The Major Scale
The major scale is the Rosetta stone of music. In other words, it holds the key that unlocks the mysteries of music theory. After this lesson you will be able to sing the major scale and identify its intervals.
Everyone at one time or another has sung the melody “do re mi fa so la ti do”. That melody was written to demonstrate the sound of the major scale. By assigning a specific syllable to each note of the major scale we are using a technique called solfège,
Go ahead and sing it now.
Did you notice that your voice started low in pitch on the “do” and it gradually rose in pitch with each note until you reached do again? The distance in pitch between those notes is called an interval.
The major scale consists of 8 notes, with the first and last notes being technically the same pitch “do” (so it is more correct to say that that major scale consists of 7 notes since do is included twice).
The “Second” Interval (do- re)
Sing the first two notes of the scale: “do re”.
When you sang “do” and then “re” you sang what is called an interval of a “second” that is, one note to the next adjacent note in the scale. This distance between each consecutive note in the major scale is called a “major second”.
Since a “second” interval means simply to sing an adjacent note of the scale, each time you moved from one note to the next you sang an ascending (going higher in pitch) “major second” interval. You could say that singing the major scale from low to high is a series of ascending major second intervals.
The “Third” Interval (do-me)
To create melodies, musicians don’t just sing the scale in linear order. They skip around using various notes from the scale.
The third interval is our first example of skipping around in the major scale.
Now sing “do” and then “mi”.
You have skipped the second note of the scale and sung the first note and the third note of the scale. This is called singing a “major third” interval.
The “Fourth” Interval (do-fa)
Sing “do” and then “fa” skipping the two pitches in-between.
You have now sung a “major fourth” interval because you have sung the first and the fourth note of the scale.
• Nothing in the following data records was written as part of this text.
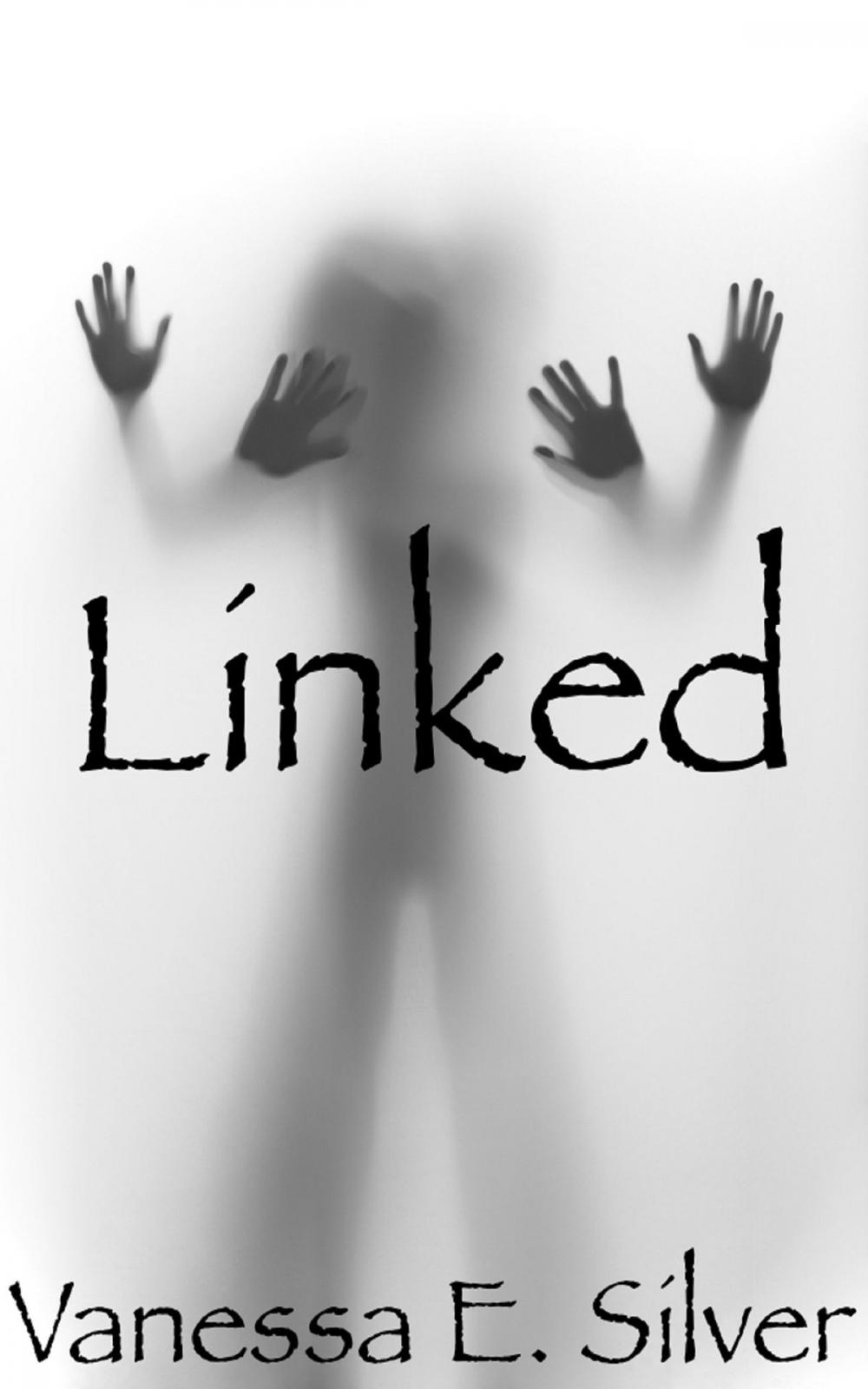 Big bigCover of Linked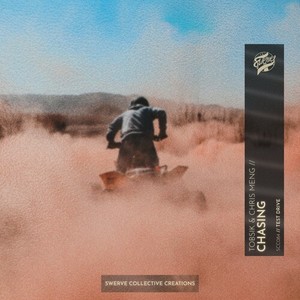 Chasing (Radio Edit)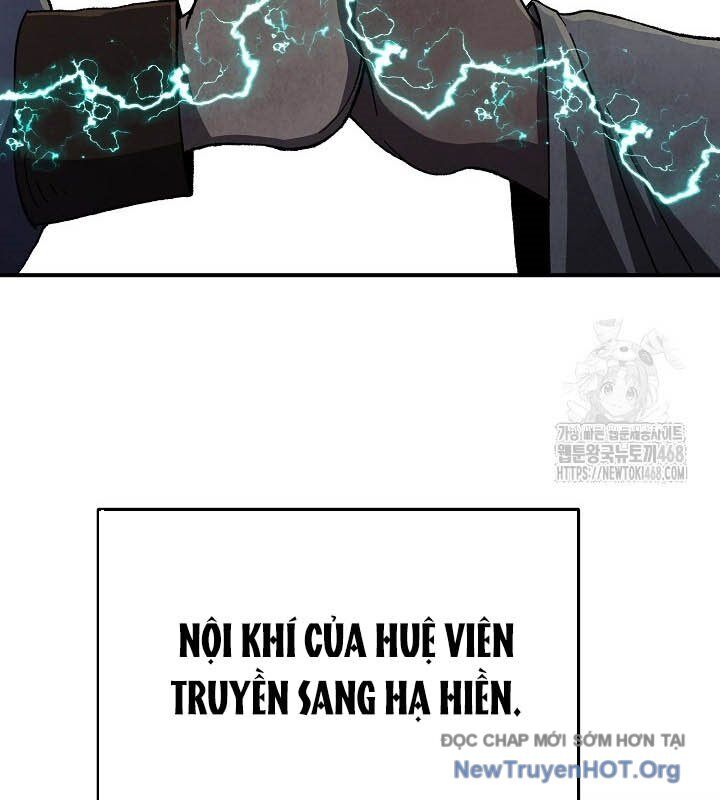 page_92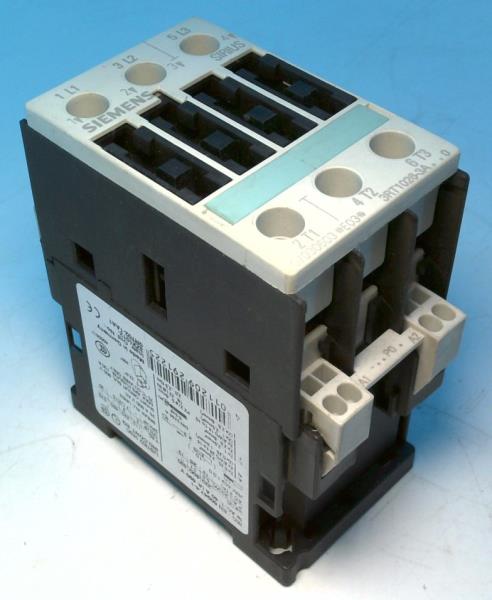 3RT1026-3AP00 by SIEMENS
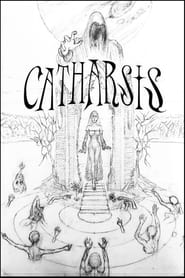 CATHARSIS' Poster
The “Fifth” Interval (do-so)
Now sing “do” and then “so”, skipping three pitches in- between.
You have now sung a “major fifth” interval because you have sung the first and the fifth note of the scale.
The “Sixth” Interval (do-la)
Now sing “do” and then “la”, skipping four pitches in-between.
You have now sung a “major sixth” interval because you have sung the first and the sixth note of the scale.
The “Seventh” Interval (do-ti)
Now sing “do” and then “ti”, skipping five pitches in- between.
You have now sung a “major seventh” interval because you have sung the first and the seventh note of the scale.
The “Octave” Interval (do-do)
Now sing “do” and then “do”, skipping 6 pitches in-between.
You have just sung the first note and the last note of the scale. These two notes are considered the same pitch but an “octave” apart. Octave means “eight”. So you could call this interval an “eighth”. It is common however to refer to this interval as simply an octave.
As you know, music theory has lots of terminology that can be really confusing for a beginner. If you can play or sing already, much of music theory is simply learning the names for things you already know how to do.
For example, in this lesson, we practiced the intervals of the major scale with no other than our voice. This is called acapella (which means without accompaniment).
We also used a technique called solfège, which means to assign a specific syllable to each note of the major scale. We did this by using “do re mi fa so la ti do”.
Finally, we learned that going higher in pitch is called “ascending” and lower in pitch is called “descending”.
So to prove how much music theory you just learned, you can now go tell your friends: “Sorry I was late. I was just rehearsing the ascending major scale intervals acapella using solfège.”